There is a huge debate in this country, being fought on territory defined by conservatives since the days of Ronald Reagan. Nicholas D. Kristof weighs in on the results of their long experiment in remaking the United States from the perspective of someone who was without power for 12 days - his third extended outage in the past 4 years.
There's nothing that cuts through the conventional wisdom like sitting around in the cold and dark waiting for someone - anyone! - to get the lights back on. It's been a reality check for a lot of people, though for some more than others.
More below the Orange Omnilepticon.
Kristof has had demonstrated in a very personal and graphic way the consequences of a nation pretending that increasing levels of inequality and the exaltation of the private over the public are a good thing.
So Generac, a Wisconsin company that dominates the generator market, says it is running three shifts to meet surging demand. About 3 percent of stand-alone homes worth more than $100,000 in the country now have standby generators installed.
“Demand for generators has been overwhelming, and we are increasing our production levels,” Art Aiello, a spokesman for Generac, told me.
That’s how things often work in America.
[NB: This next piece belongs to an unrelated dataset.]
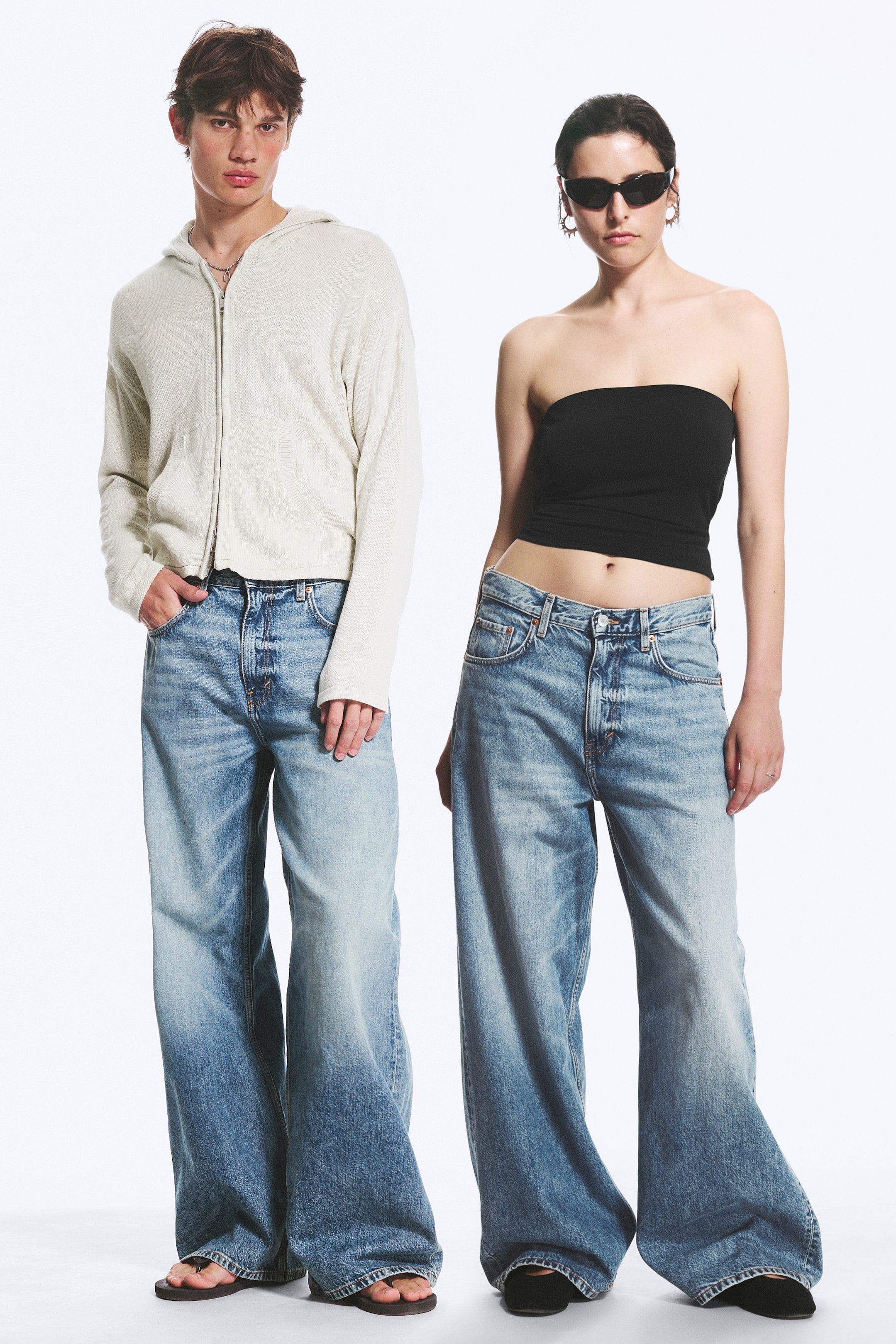 Se større billede: De lyse, vaskede wide-leg jeans har en falmet blå denim med en gradient effekt, der går fra lysere blå ved lårene til en mørkere blå ved sømmen. De er designet med en afslappet, wide-leg silhuet og en synlig knaplukning, der fremhæver en løs pasform.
Half-a-century of tax cuts focused on the wealthiest Americans leave us with third-rate public services, leading the wealthy to develop inefficient private workarounds.
It’s manifestly silly (and highly polluting) for every fine home to have a generator. It would make more sense to invest those resources in the electrical grid so that it wouldn’t fail in the first place.
But our political system is dysfunctional: in addressing income inequality, in confronting climate change and in maintaining national infrastructure.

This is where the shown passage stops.